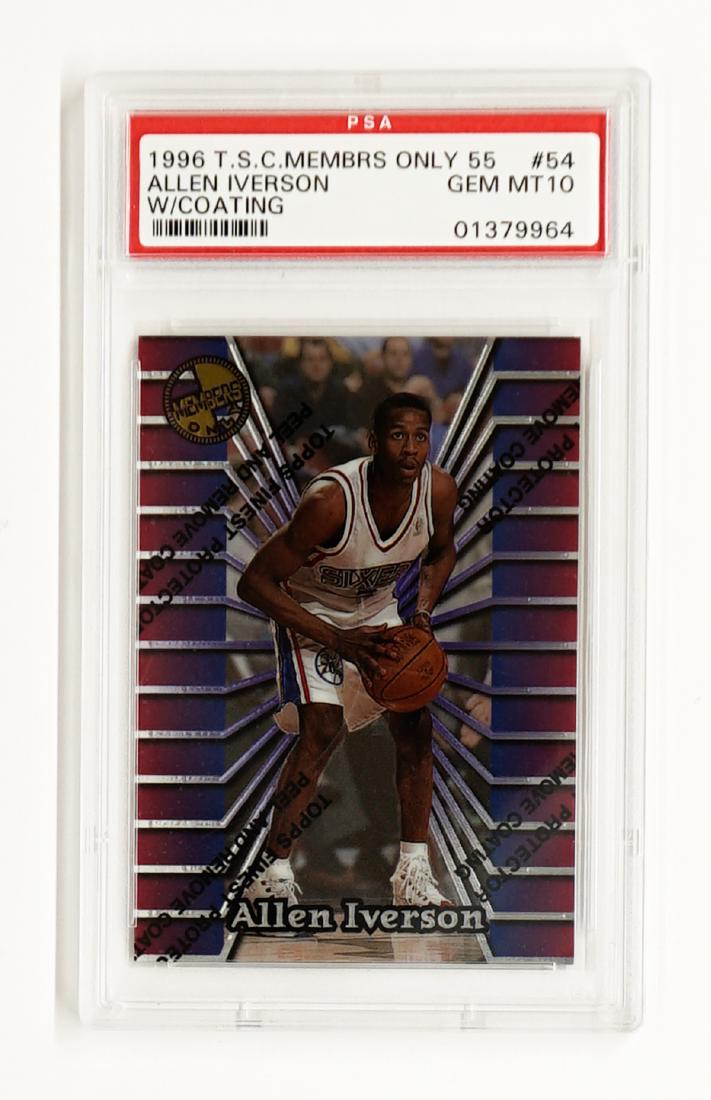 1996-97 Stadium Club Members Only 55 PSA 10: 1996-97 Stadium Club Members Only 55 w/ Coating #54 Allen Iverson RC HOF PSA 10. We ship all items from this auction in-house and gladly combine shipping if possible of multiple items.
-------------------------
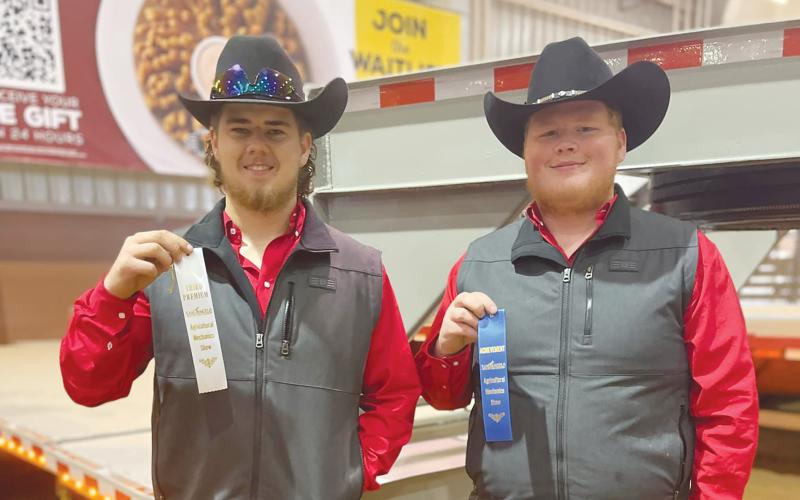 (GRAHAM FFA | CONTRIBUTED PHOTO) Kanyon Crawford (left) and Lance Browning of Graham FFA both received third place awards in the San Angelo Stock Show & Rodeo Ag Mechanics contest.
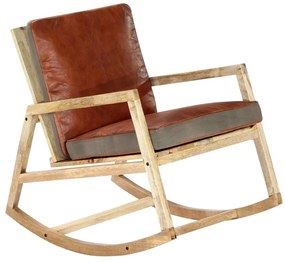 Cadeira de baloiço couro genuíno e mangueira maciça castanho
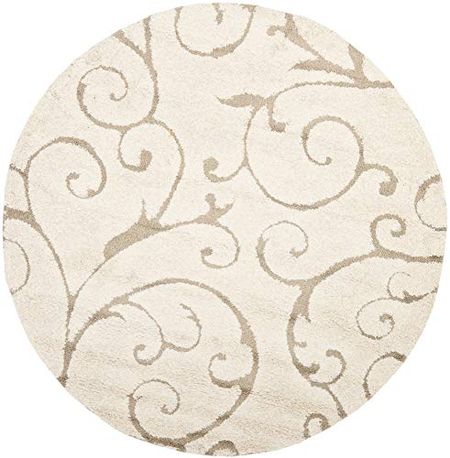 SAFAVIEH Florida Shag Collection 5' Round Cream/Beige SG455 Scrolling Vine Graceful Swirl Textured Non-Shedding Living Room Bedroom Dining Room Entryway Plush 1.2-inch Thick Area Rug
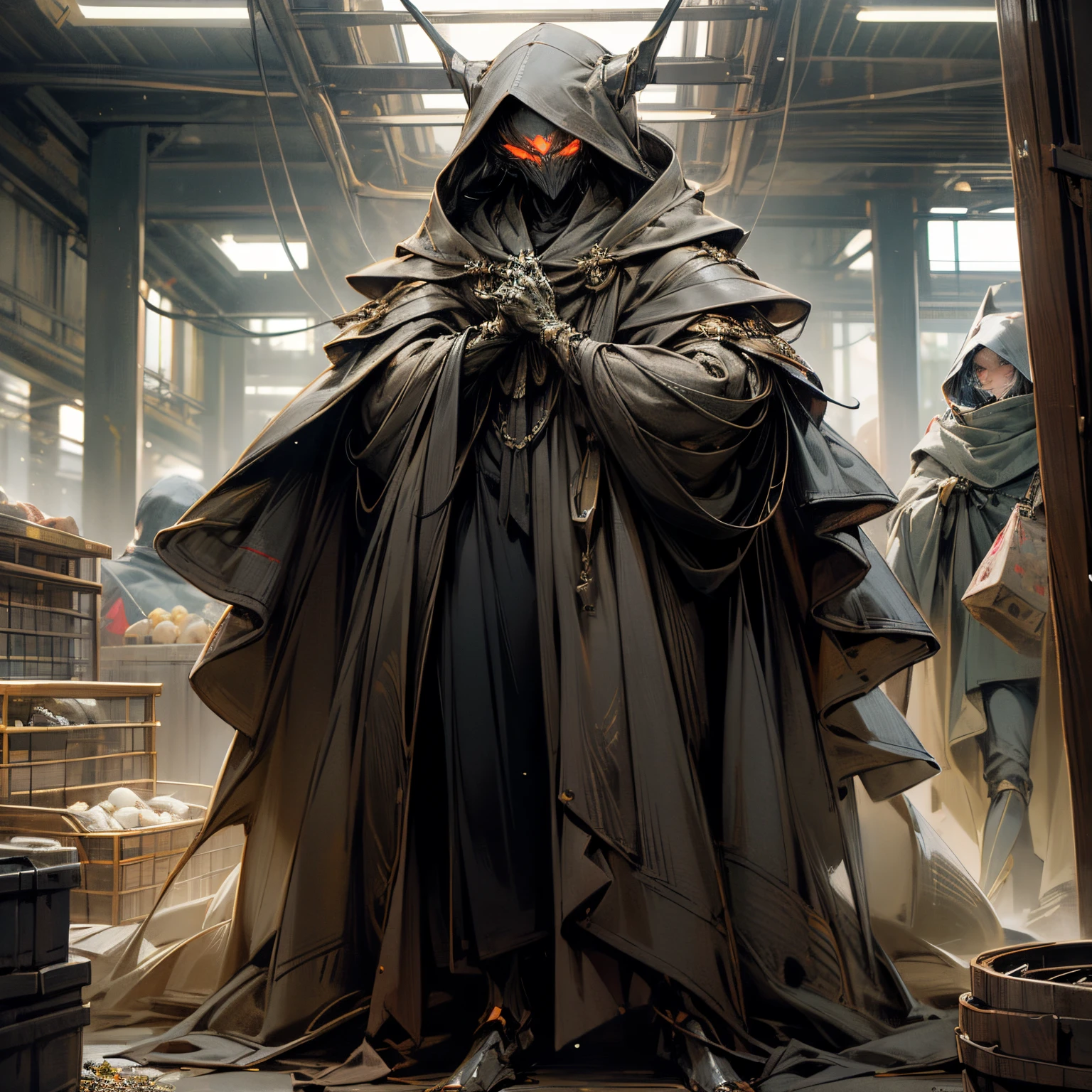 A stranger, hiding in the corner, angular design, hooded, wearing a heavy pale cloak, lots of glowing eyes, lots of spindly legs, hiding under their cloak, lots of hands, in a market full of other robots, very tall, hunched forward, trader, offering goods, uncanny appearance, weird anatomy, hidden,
-------------------------
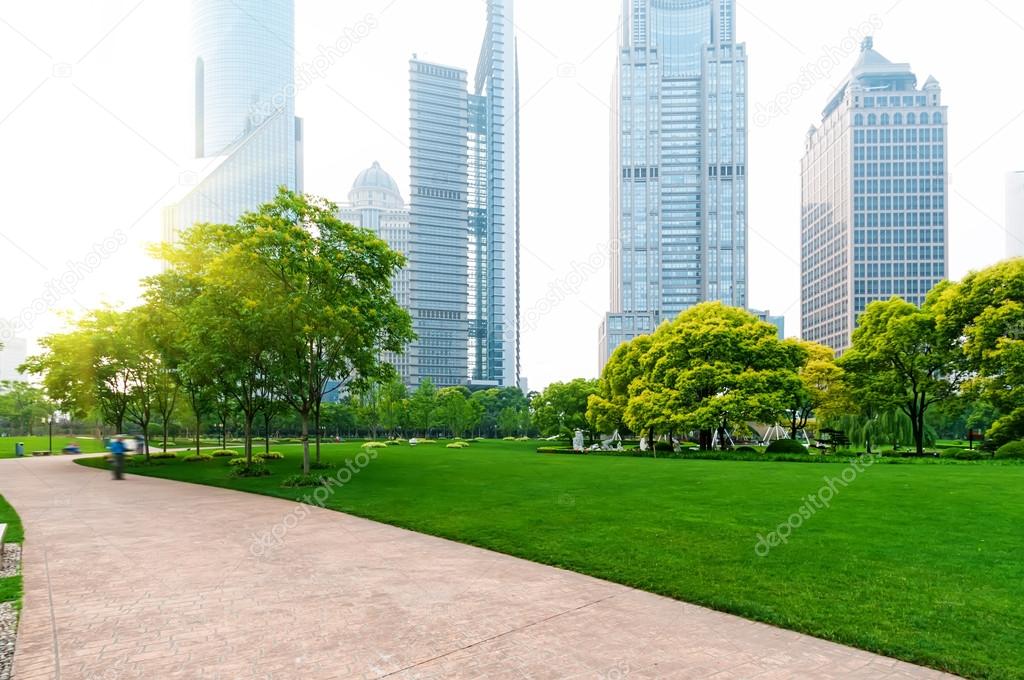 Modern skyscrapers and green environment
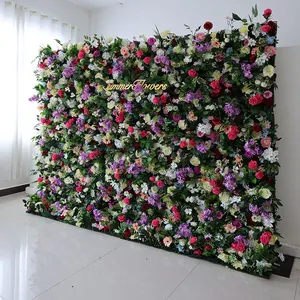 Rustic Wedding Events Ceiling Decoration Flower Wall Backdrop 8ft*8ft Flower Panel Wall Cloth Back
-------------------------
**Work order**
Find where the line with "(GRAHAM FFA |" sits in the material above and where the line with "A stranger, hiding" sits. Set down exactly the lines from the first to the second, both included and nothing else, without pictures.

**Worked solution**
 (GRAHAM FFA | CONTRIBUTED PHOTO) Kanyon Crawford (left) and Lance Browning of Graham FFA both received third place awards in the San Angelo Stock Show & Rodeo Ag Mechanics contest.
 Cadeira de baloiço couro genuíno e mangueira maciça castanho
 SAFAVIEH Florida Shag Collection 5' Round Cream/Beige SG455 Scrolling Vine Graceful Swirl Textured Non-Shedding Living Room Bedroom Dining Room Entryway Plush 1.2-inch Thick Area Rug
 A stranger, hiding in the corner, angular design, hooded, wearing a heavy pale cloak, lots of glowing eyes, lots of spindly legs, hiding under their cloak, lots of hands, in a market full of other robots, very tall, hunched forward, trader, offering goods, uncanny appearance, weird anatomy, hidden,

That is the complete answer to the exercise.